Ethan Mollick, professor at Wharton School and author of the influential Substack newsletter "One Useful Thing," publishes a research-based analysis of organizational AI adoption patterns, revealing a significant gap between experimentation and sustained use. Drawing on surveys of thousands of knowledge workers across various sectors, he provides actionable insights for leaders steering AI transformation, documenting common pitfalls and success factors.

The adoption gap: 70/20

The research reveals a striking pattern: roughly 70% of employees at knowledge-work organizations have experimented with AI tools (ChatGPT, Claude, Copilot, etc.), but only 20% have become regular users integrating AI into their daily workflows. This 50-point drop-off represents massively lost potential: organizations invest in AI access without achieving the sustained adoption needed for productivity gains.

Why experiments don't become habits

The analysis identifies cumulative barriers: unclear use cases, friction integrating AI into workflows, doubts about output quality, the time investment required to learn, organizational inertia, peer skepticism, and lack of recognition for AI skills. These barriers accumulate and turn initial enthusiasm into abandonment.

Top-down mandates versus bottom-up exploration

Comparing deployment approaches shows that bottom-up adoption is markedly more effective: the exploration-oriented approach (tools, time, encouragement) achieves roughly 40% sustained adoption, versus roughly 15% for the mandate-based approach, which generates resistance and workaround behaviors. A counterintuitive finding: less prescription produces better results. Employees who discover real value are intrinsically motivated; imposed use produces compliance without understanding, abandoned as soon as oversight eases.

Critical success factors

Organizations that succeed share: leadership modeling (executives visibly using AI), psychological safety (being able to admit AI mistakes), dedicated learning time, clear guardrails, a sharing culture (prompts and use cases), measurement without punishment, and selection of high-value use cases.
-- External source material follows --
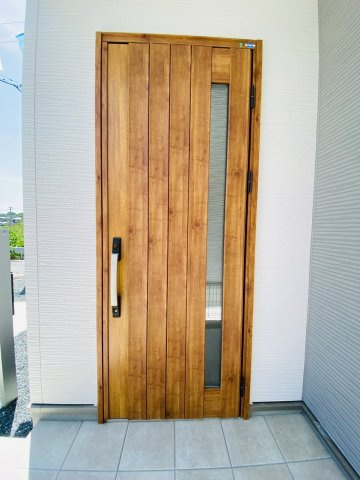 よかタウン／西区谷尾崎町1期／1号棟の玄関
Skills, measurement, and resistance

AI proficiency requires genuine skill development, not just tool access: understanding model capabilities and limitations, iterating on prompts, critically evaluating quality. Quantifying gains remains difficult (self-reported gains, AI's contribution hard to isolate, hidden review costs); Mollick recommends mixed methods combining quantitative metrics with qualitative case studies. Resistance (fear of job displacement, professional identity, ethical concerns) must be addressed emotionally, not just technically.

Recommended playbook: start small (pilots), measure rigorously, share successes, invest in training, build communities of practice, set realistic expectations, and iterate. An evidence-based roadmap for the human dimension of AI transformation, often harder than the technical implementation.